● **Instructions to follow**:
Without the images, print every line of the material below exactly as given.

[[ Given information, beginning ]]

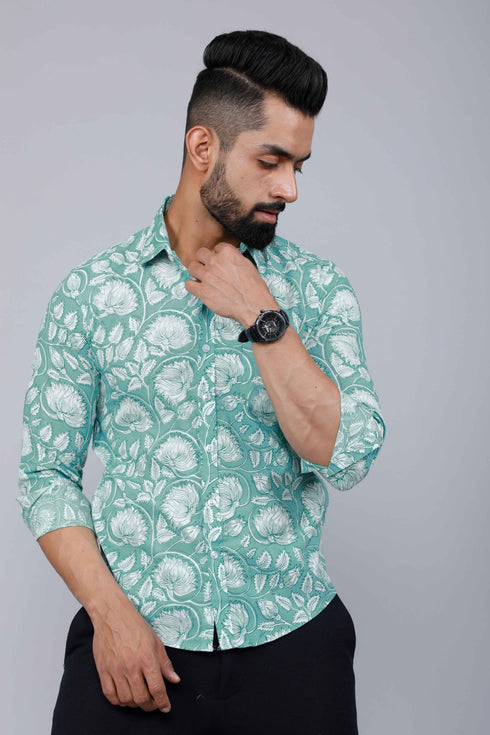 Miravan Mens Cotton Green Floral Printed Slim Fit Shirt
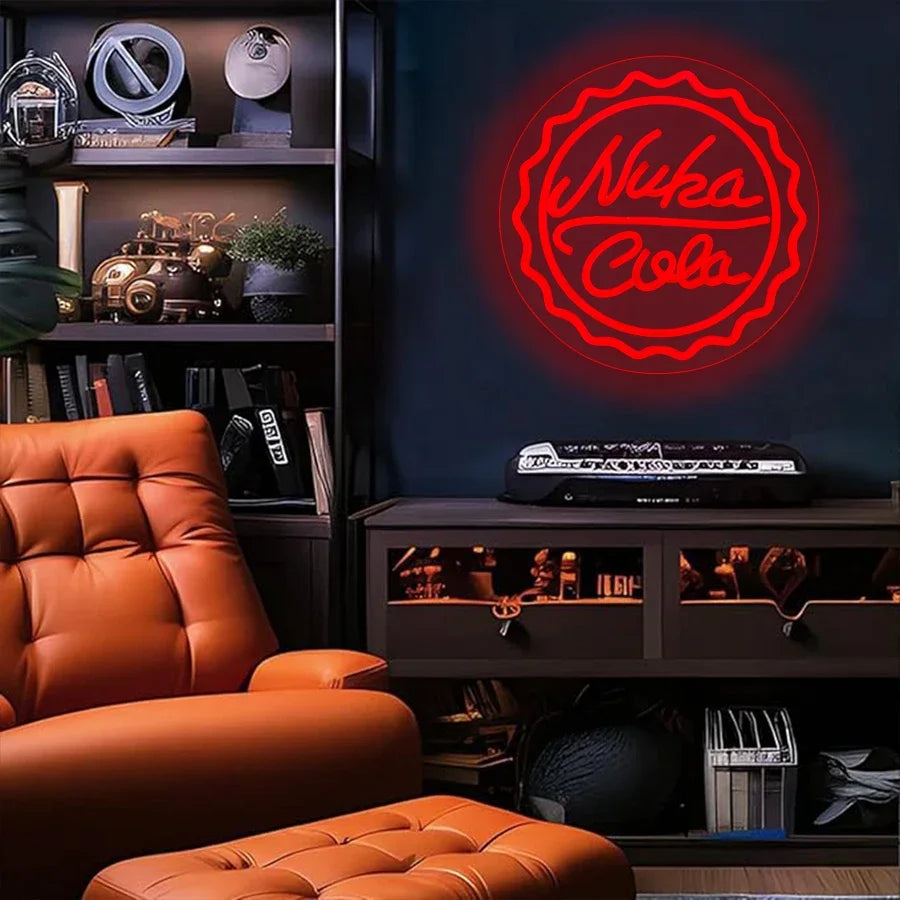 A neon sign featuring a bottle cap design for Nuka Cola displayed on a dark shelf next to a leather armchair.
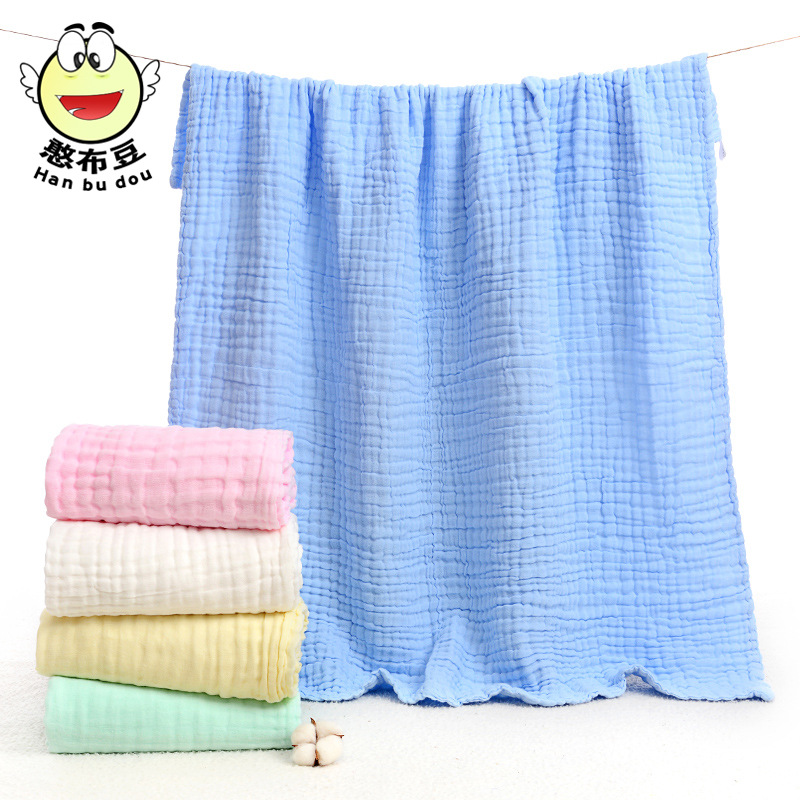 批发素色褶皱六层水洗纱布童被 柔软婴儿浴巾宝宝儿童盖被毛巾被|ru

[[ Given information, end ]]

● **Task result**:
 Miravan Mens Cotton Green Floral Printed Slim Fit Shirt
 A neon sign featuring a bottle cap design for Nuka Cola displayed on a dark shelf next to a leather armchair.
 批发素色褶皱六层水洗纱布童被 柔软婴儿浴巾宝宝儿童盖被毛巾被|ru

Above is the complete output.